One of the cleverest touches is the ancient, manky sweatshirt Theo wears -advertising the London Olympics of 2012. To us, it is a symbol of London’s last-ever demonstration of untroubled national rejoicing, when this country was awarded the Games, before that mood was cruelly shattered by the 7/7 bombings. Now London 2012 is Theo’s veteran-badge of despair, and a memento of his lost career in political dissent.

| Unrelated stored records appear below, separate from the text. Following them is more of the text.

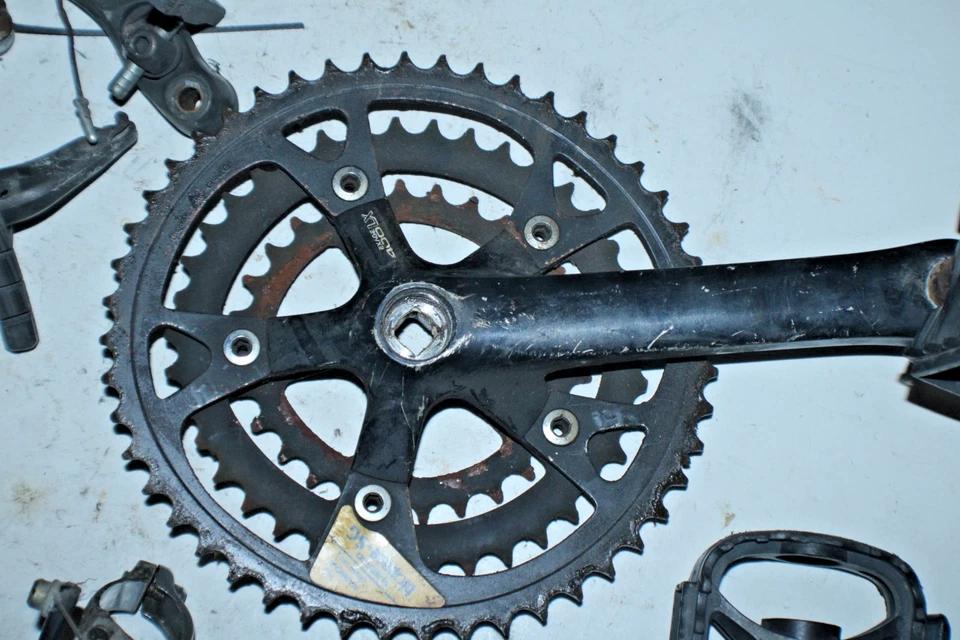 Shimano Exage 400LX Groupset 175mm Crankset Cantilever Set Front/Rear Deraileurs - Image 2 of 4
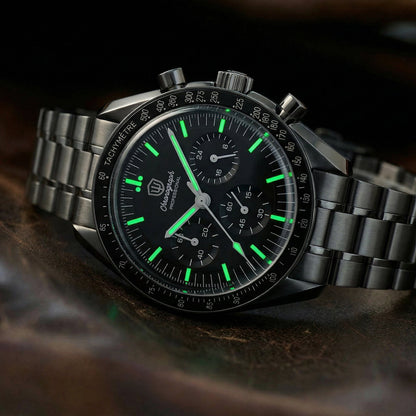 Watchdives 39mm VK63 Chronograph Watch WD1863- Classic Collection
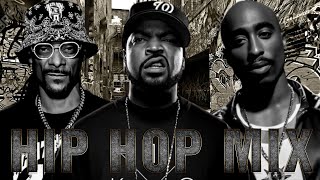 THROWBACKS OLD SCHOOL HIP HOP MIX  90S 2000S HIP HOP MIX  Ice Cube Snoop Dogg E40 Too Short [upl. by Suertemed]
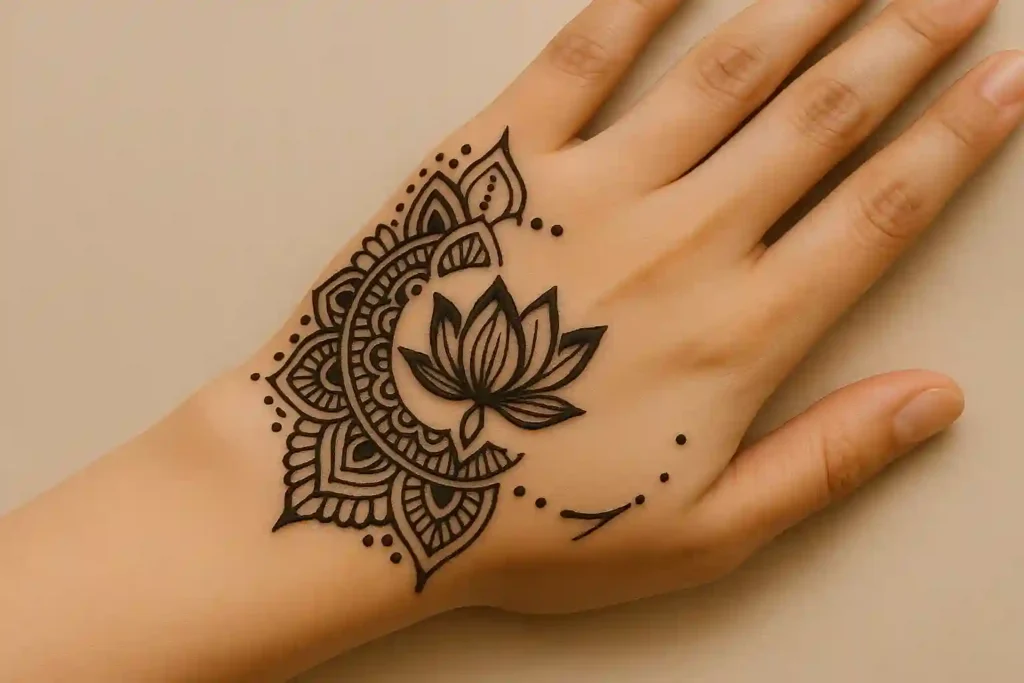 40+ Best Modern Engagement Mehndi Designs for Your Special Day 38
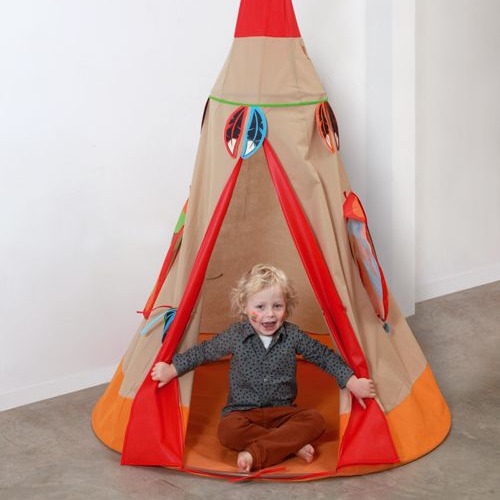 Namiot Tipi Indiański Scratch Europe +3 lata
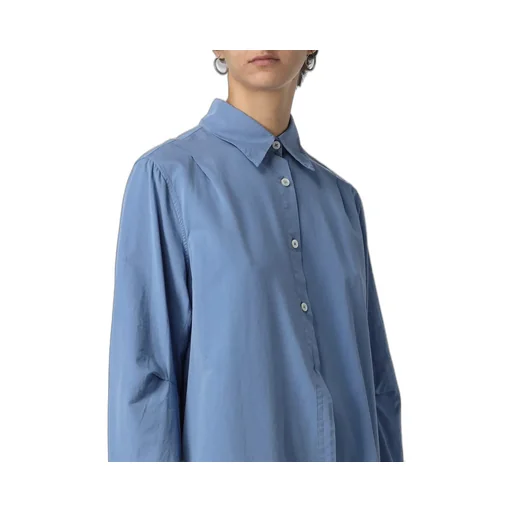 Machine Longline Shirt Dress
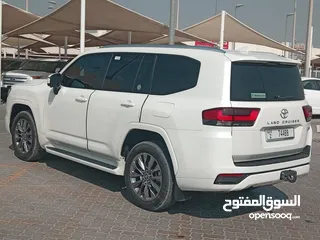  7 تويوتا لاندكروزر جي اكس آر 2023  Toyota Land Cruiser GXR 2023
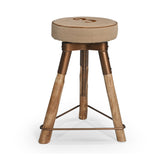 NNEDSZ INDUSTRIAL NUMBER 3 WIND UP BAR STOOL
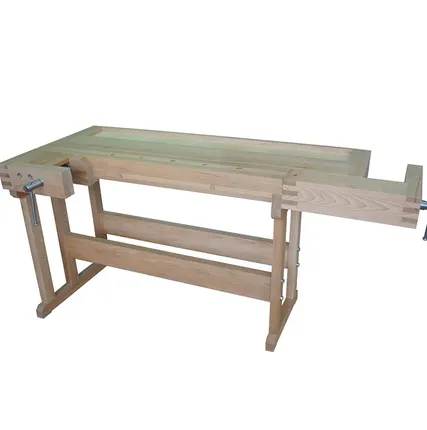 Фото №0 Верстак столярный «Люкс+» с усиленным подверстачьем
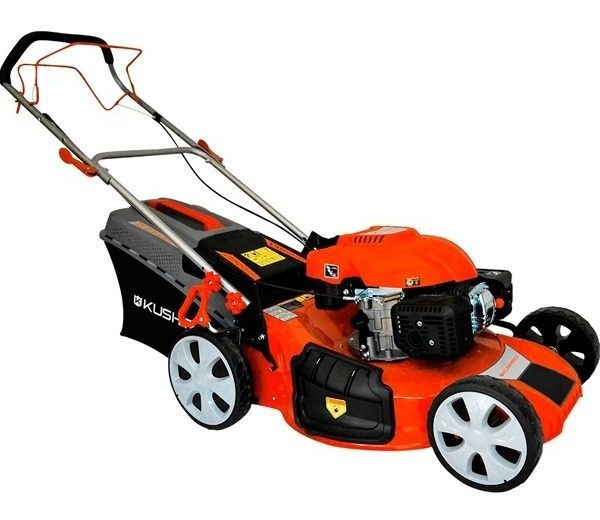 Cortadora Césped Kushiro Motor 4 Tiempos 173 Cc Naranja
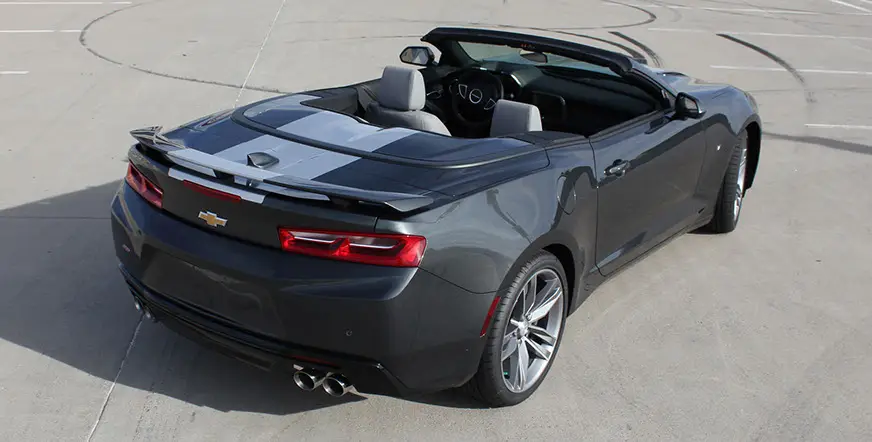 2016-2017 Chevy Camaro Overdrive Convertible Graphic Kit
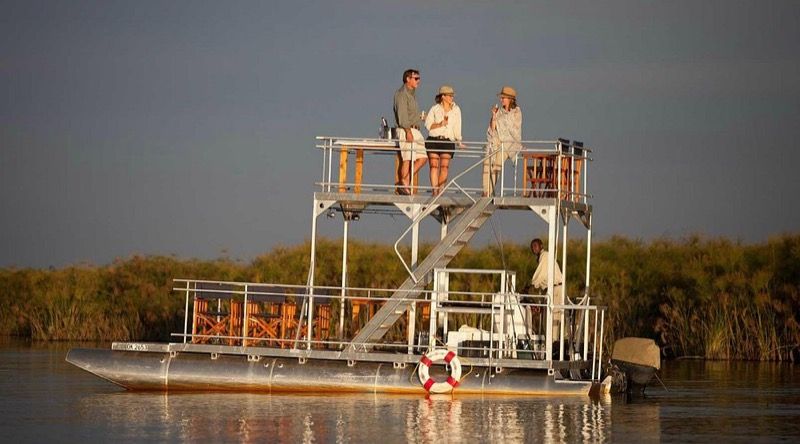 Mopiri Camp Mokoro in Western Okavango Delta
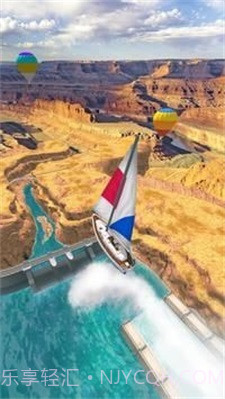 轮船坡道跳跃Ship Ramp Jumping截图2 轮船坡道跳跃Ship Ramp Jumping截图2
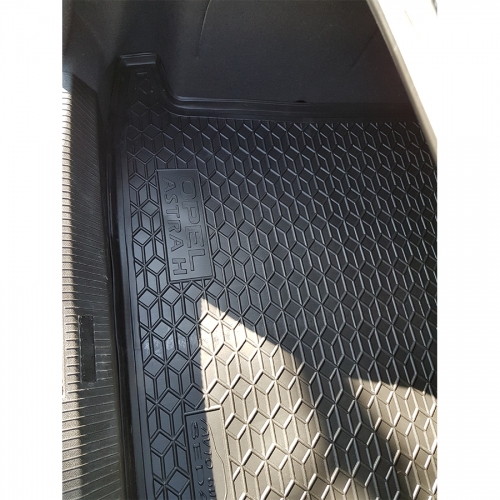 Polyurethane trunk mats OPEL Astra H - 7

So what would happen to us all, psychologically, if the end of the world was at hand? Danny Huston’s mandarin tells Theo that he personally gets by from day to day by simply not thinking about what is happening, and his stunned, bleak acquiescence in the creeping horror of global death is symptomatic of the vast spiritual sterility which ushered in the catastrophe in the first place.
Freaky chiliastic cults start springing up: the Renouncers and Repenters – whose frenzied self-laceration reminded me a little of Roy Andersson’s millennial fantasy Songs from the Second Floor, in which a little girl is sacrificed to stave off the last judgment. But what Cuarón’s film suggests is that despair and disgust would manifest themselves overwhelmingly in tyranny. A mass, irrational longing for punishment would gather; checks and restraints on the political classes’ natural tendency towards repression would be removed, and our energy to resist the agencies of the state would be eroded. All of these ideas make a very grim backdrop to an excellent thriller. Cuarón has created the thinking person’s action movie.